“A Hero of our Times” tells the story of a loveable rogue, David Llewellyn Evans, and his misadventures in the world of law, polo and marriage.
From the offset, the protagonist David (known colloquially to all as Dai) is depicted as a bit of a troublemaker. Not content with his lavish lifestyle as a successful solicitor with a wife and young family, Dai quickly falls into an adulterous cycle of corruption that ultimately leads him away from everyone he cares about.
I really liked Dai. He was a womaniser and a shady solicitor – a combination that should have made him distinctively detestable – yet he had a certain charm about his character that made him oddly endearing. Dai was always cheerful, always witty and always enviously well-mannered, even when his career was tumbling down around his ears and his wife had kicked him out of their family home. I found following the story of Dai’s midlife crisis very entertaining; it was lovely to see all the ways in which this intelligent, Welsh-born solicitor got out of the numerous sticky situations he found himself in. Dai, and the excellent way in which his character was built and described, turned this book from a treat into a proper treasure.
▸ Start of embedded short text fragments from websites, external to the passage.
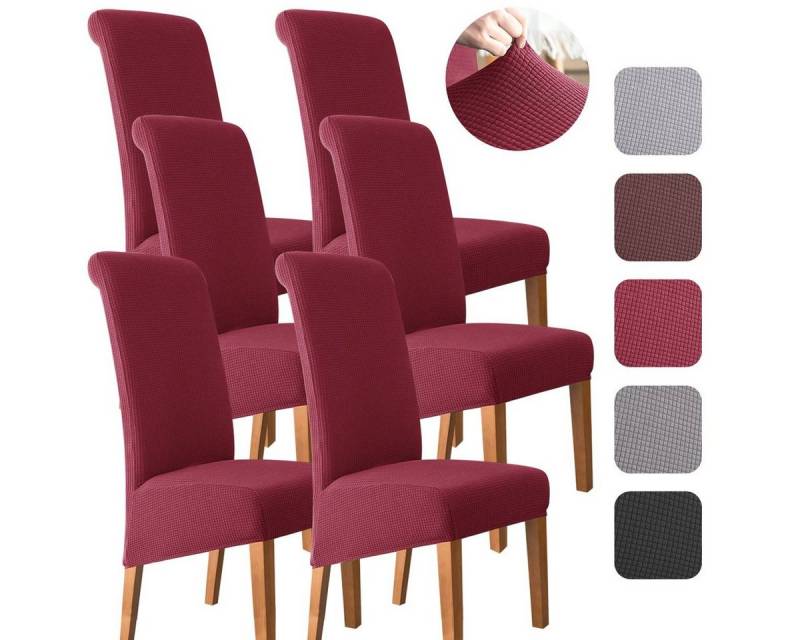Simloveve Stuhlhusse Stretch Stuhlbezug 6er Set Stuhlhussen Waschbar elastische, Moderne M/L Husse Elasthan Stretchhusse Elastische Universal Waschbar von Simloveve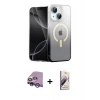 MARSİLYAN™- iPhone 14 Kılıf Eksen Minimal Özel Seri - Siyah Bilvis 3D Mat Cam Ekran Koruyucu + Raze Metal Kamera Lens - MR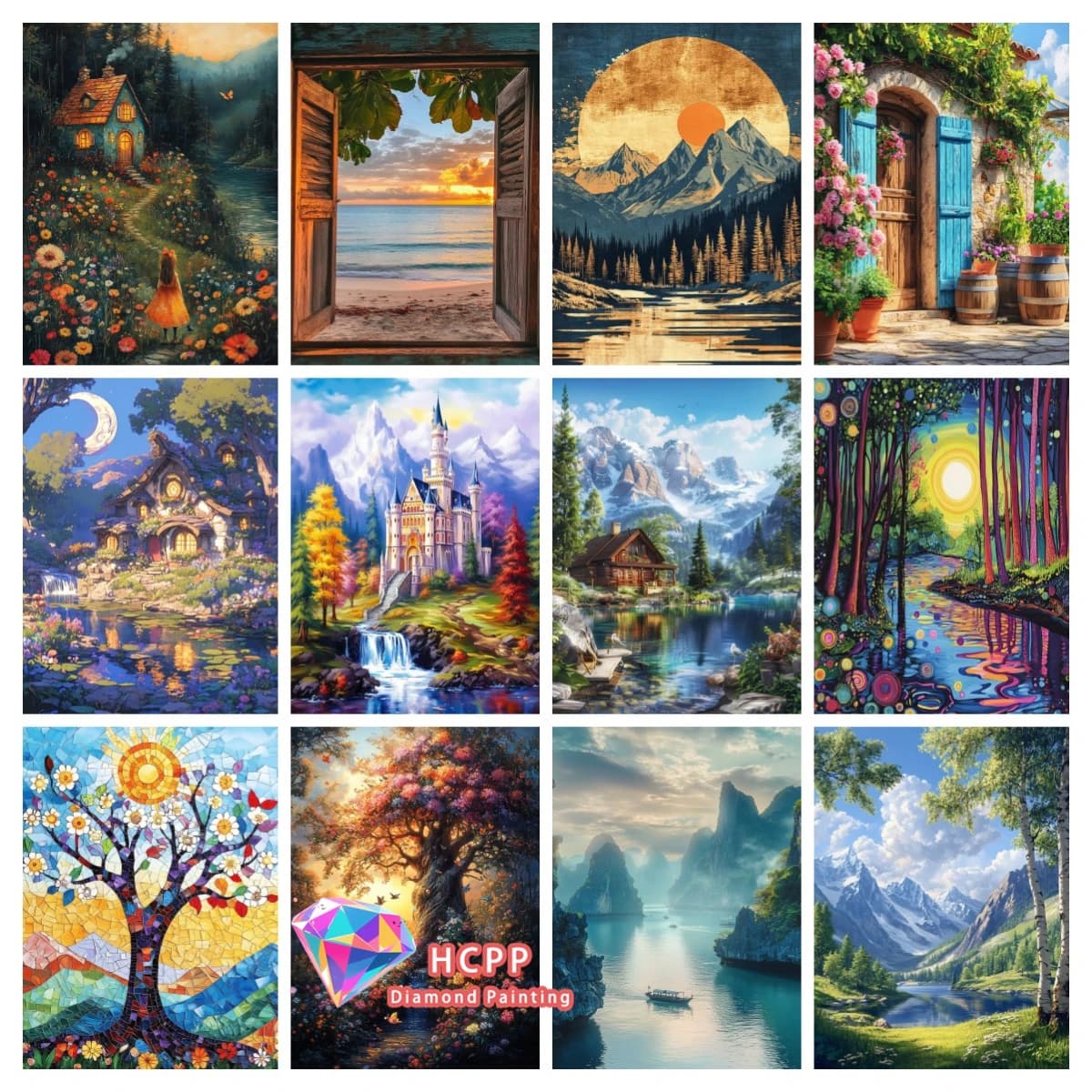 Forest Landscape Diamond Painting Kit 5D DIY Diamond Embroidery Cross Embroidery Handmade Art Gift Crafts Home Decoration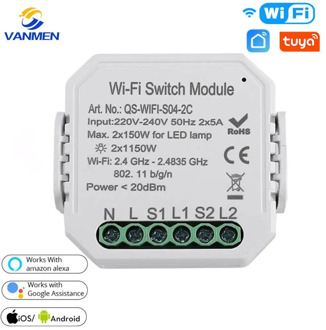 Tuya Wifi Light Switch Module ,Smart Home APP Remote Control Works with Alexa/Google Home/Siri 1/2 Way Diy Breker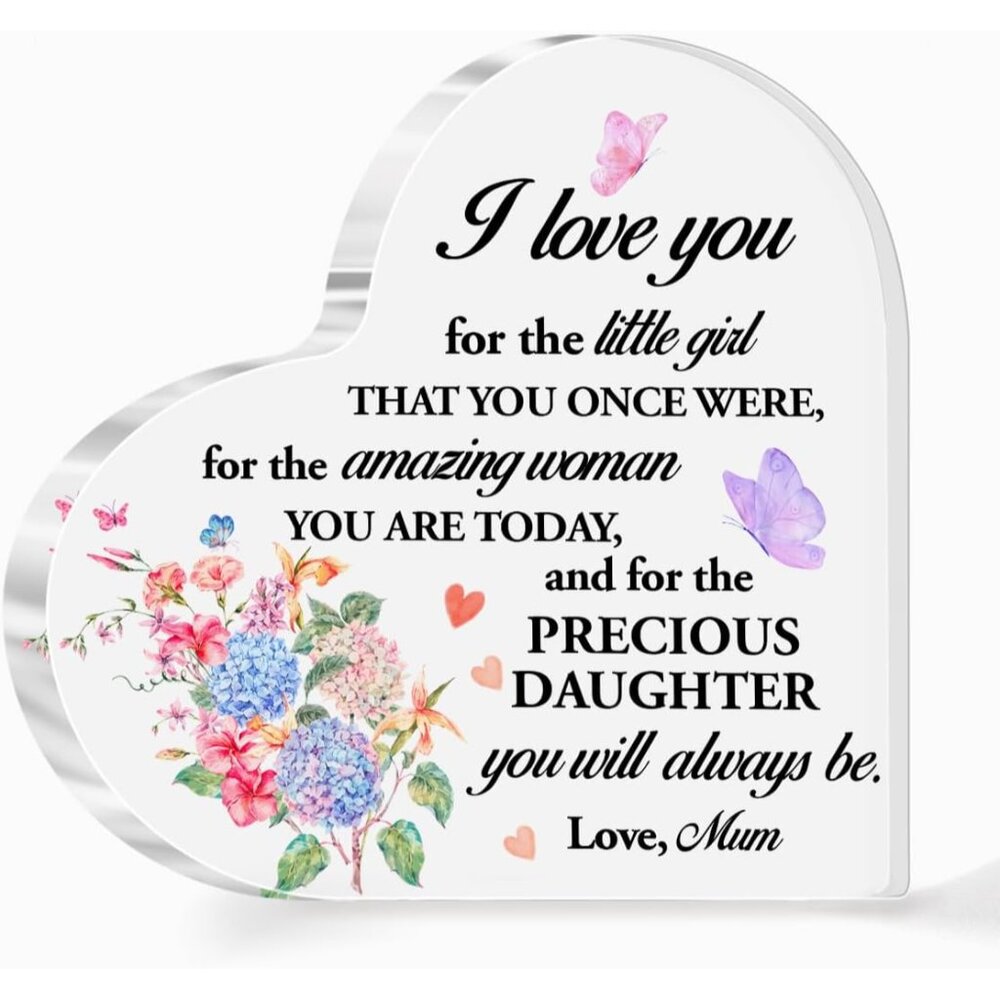 Daughter Gifts from Mom,I Love You Daughter Gifts,Daughter Acrylic Heart,I Love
Although this novel excelled in terms of characters, I couldn’t help but notice that the book was utterly devoid of plot. “A Hero of our Times” is described as a “romp through the world of law”, and romp it does. The story gallops through the ups and downs (of which there are many) of Dai’s life seemingly randomly. His various affairs and polo matches occur in no particular order, and although there is a basic storyline of “Dai has a nice life. Dai then proceeds to screw it all up,” the rest of the book was just a list of the protagonist’s troubles. There was no climax, no “middle”, and the ending was rather rushed and unsatisfactory. That being said, the book was nevertheless very entertaining. It was the story of Dai and how he dealt with his midlife crisis, and one can argue that a story like that doesn’t need a plot because it is so much like real life. It was definitely interesting to read a story that had such a basic plotline, and although I would have preferred more of a distinct “beginning, middle and ending”, the lack of storyline didn’t subtract anything from the quality of the book.
This is the second Ernest Marlin novel I have read, and once again I was blown away by the author’s mastery when creating a flowing, natural tone that is rich in both humour and cynical wit. This book featured polo matches, 1970s leafy England and lots of shady characters to inhabit the sunny setting. There were plenty of opportunities for the author to include humour when a book covers such a broad a range of topics as this one, and Ernest Marlin did not disappoint. I found myself smiling at least once per chapter, and laughing out loud on numerous occasions.
Overall, I would say that “A Hero of our Times” was a thoroughly enjoyable and entertaining read. Though somewhat lacking in terms of plot, it was still a charmingly witty novel that I would definitely recommend.